- Artist: Guido Brink
- Year: 1992
- Dimensions: 370 cm × 370 cm × 240 cm (144 in × 144 in × 96 in)
- Location: Milwaukee; 43°4′32″N 87°53′4″W﻿ / ﻿43.07556°N 87.88444°W;

= Happy-Go-Luckies of Nature and Technology =

Public artwork by Guido Brink

Happy-Go-Luckies of Nature and Technology is a public artwork by German artist Guido Brink located on the University of Wisconsin-Milwaukee campus, which is near Milwaukee, Wisconsin, United States. The sculpture is a steel structure that is painted red. It was dedicated at UWM's Lapham Hall on October 23, 1992.

==Description==
Happy-Go-Luckies of Nature and Technology is a red kinetic sculpture consisting of three legs that become four abstracted heads resting on open arms. There is a propeller with three blades at the center of the sculpture. "Abstracted humanoid forms have geometric cut shapes around perimeter and geometric-shaped negative spaces. Head forms have three disks and one arrow mounted on stainless steel rods."

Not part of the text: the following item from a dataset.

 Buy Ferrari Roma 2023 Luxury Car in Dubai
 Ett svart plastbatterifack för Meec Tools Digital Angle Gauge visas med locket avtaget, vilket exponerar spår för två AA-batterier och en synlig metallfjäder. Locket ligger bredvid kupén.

==Historical information==
The sculpture was funded by the Wisconsin Percent for Art program as part of Lapham Hall's new addition. It was commissioned by the University of Wisconsin-Milwaukee. Happy-Go-Luckies of Nature and Technology was installed by the artist on the south side of Lapham Hall and dedicated in October 1992.

==Artist==
Guido Brink was born in Düsseldorf, Germany in 1913. He came to New York as a teenager with the purpose of working at A.L. Brink Studios, his uncle's stained glass studio. The artist returned to Germany after three years in the United States, and attended the State Academy of Fine Arts in Düsseldorf where he studied under Maximillian Clarenbach. "Brink vividly recalls his experience as a young art student compelled by Hitler, along with other art students, to view the famous 1937 exhibition of Degenerate Art, organized at the former Munich Architectural Institute. Contrary to Hitler's intentions, the young artists were excited by the so-called degenerate art and would in time develop new directions in their own work inspired by the modern art of the condemned artists." He was drafted by the German Army upon graduation and sent to Russia, where he fought on the front. The artist moved to New York City with his wife Ello in 1952. "The couple came to Milwaukee in 1953 for Brink to work as a stained glass window artist for the Conrad Schmitt Studios. They settled in Milwaukee where Ello worked as architectural critic for The Milwaukee Journal; in 1953 Guido became a faculty member at the Layton School of Art where he remained until its closing in 1974." Brink began his career as a painter, yet was intrigued by three-dimensional works. He thus turned to Milwaukee's craftspeople to translate his paintings into sculpture. For more than twenty years Brink was an artists in residence at Super Steel Products Corporation where he produced his humanoid sculptures. "These flat, angular profiles positioned in poetic angles are free-standing works, mostly in brightly painted metal. Sometimes referred to as "Techno-Spirits," these sculptures are the artist's signature works." Happy-Go-Luckies of Nature and Technology falls into this category.